PROBLEM REQUIREMENTS:
Where pictures appear, omit them, and copy exactly only the lines from the start of the listing through the line containing "Armslist For Sale", both included.

STORED DATA:
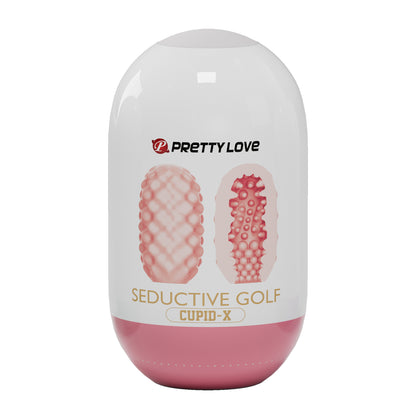 Pretty Love - Seductive Golf Cupid-X - Pink BI-014931-2 6959532326819 from EdgingWarehouse.com where we sell the best male sex toys and fleshlight type strokers for masturbation, edging and gooning and other men's health and sexual wellness items.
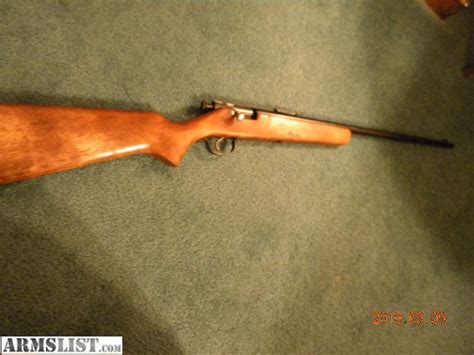 Armslist For Sale Springfield Model 15 22 Rifle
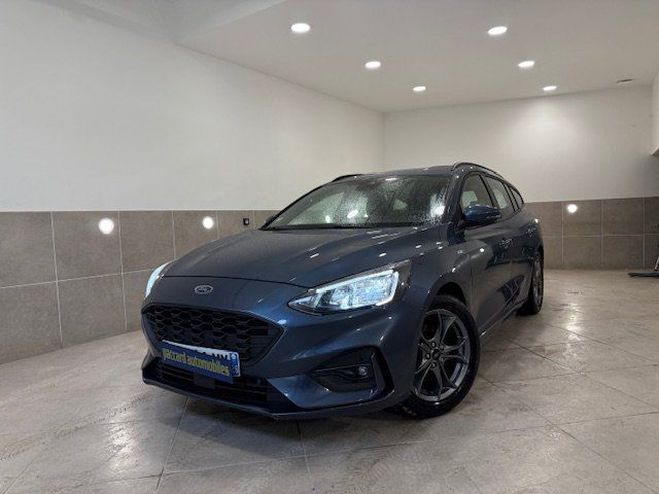 Ford Focus sw ecoboost 125cv st-line /crit air 1/ c BLEU de 2019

COMPLETED TASK:
 Pretty Love - Seductive Golf Cupid-X - Pink BI-014931-2 6959532326819 from EdgingWarehouse.com where we sell the best male sex toys and fleshlight type strokers for masturbation, edging and gooning and other men's health and sexual wellness items.
 Armslist For Sale Springfield Model 15 22 Rifle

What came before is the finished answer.